The mindset that Go enforces, by virtue of checking the types, has led me to try being more careful in my regular work.  I now try to make notes on everything that I need to come back to as I'm exploring a problem (such as: "what code interacts with this variable?") so that I can check my plan against all relevant cases.  Likewise, a multi-step change will end up with a few bullet points like...
EmailBounce (#3351)
  • set in SES bounce processor
  • clear when email changes
  • react in notifier code
This also helps in event of interruptions, such as realizing the office manager's radio is playing the same annoying pop songs again today, for the 110th day in a row.  There's a list of stuff to help re-establish concentration, knowing I'm not forgetting anything.

For complex issues and solutions, doing the design on paper has an extra benefit.  Paper encourages brevity.  There's only so much room within the confines of a page, and it takes a while to write.  Consequently, pseudo code tends to stay pseudo code, at an appropriate level of abstraction, when writing out steps.  It's the exact opposite of the temptation to switch to writing the real code when trying to write pseudo code in a text editor. It looks like a convenient shortcut to combine the two coding steps, but then the faults in the overall plan don't get noticed until (often) most of the way through—then a random amount of already-written code is made irrelevant or wrong.

Modifying half-implemented approach A to become approach B (hopefully not with the same last-lap change of course) adds a lot of mental state to juggle.  Now there are four states complected: original code, usable code from A, unusable but not yet changed code from A, and code from B.  It can be quite useful, and a bit simpler, to work out some of those false starts in advance, on paper.  Then there's both a record of where my thoughts have been, and a clean body of current code to implement the final result.

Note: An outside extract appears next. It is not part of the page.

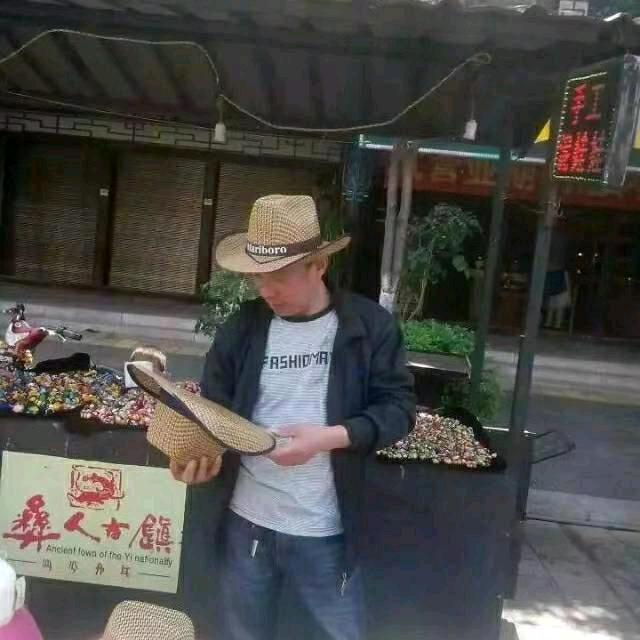 自由飞翔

As useful as paper can be, there are also times when it's at a disadvantage.  For picking apart tricky, complex control flow with nested ifs, repeated conditionals, and the like, I find it easiest to copy the code into a new window and then start deleting lines and replacing them with pseudo-code comments.  Often, hundreds of lines can be reduced to a single window, which makes it trivial to get a higher-level overview of what's being accomplished.

Paper's other major disadvantage is that it lacks undo.  I've learned by the number of cross-outs on the page just how frequently I rename things as I get a better sense of the problem and what those parts represent in the whole.  (I have even been known to choose a name, cross it out in favor of an alternate, then cross out the alternate to restore the original.)

Overall, though, for the appropriate tasks, it's been a great advantage these past few months to put more effort into paper and less into backtracking in vim.

Thursday, September 5, 2013

Moose Alternatives

I once wrote about Mouse when I had discovered it.  Amongst all this recent research, I have also discovered Moo.

Moo strives to be even lighter and faster to load than Mouse, which was already Moose without antlers.

I swear, next year I'm going to find an even lighter module called "Mc".

Wednesday, September 4, 2013

More FastCGI: Apache 2.4, PHP-FPM, PSGI, and hot deployment

Driven by mod_fcgid's failings at graceful restart and preforking, I've been looking hard for alternatives.

tl;dr

External FCGI is best done via mod_fastcgi on Apache prior to 2.4, or mod_proxy_fcgi on 2.4.  mod_proxy in general is super awesome on 2.4.

php-fpm ships with an init script and reloads gracefully via SIGUSR2, so that's all you really need there.

For Perl, gracefully restarting an FCGI app is difficult, so the better approach for PSGI apps is to run them in an HTTP server with Server::Starter support (e.g. Starman or others).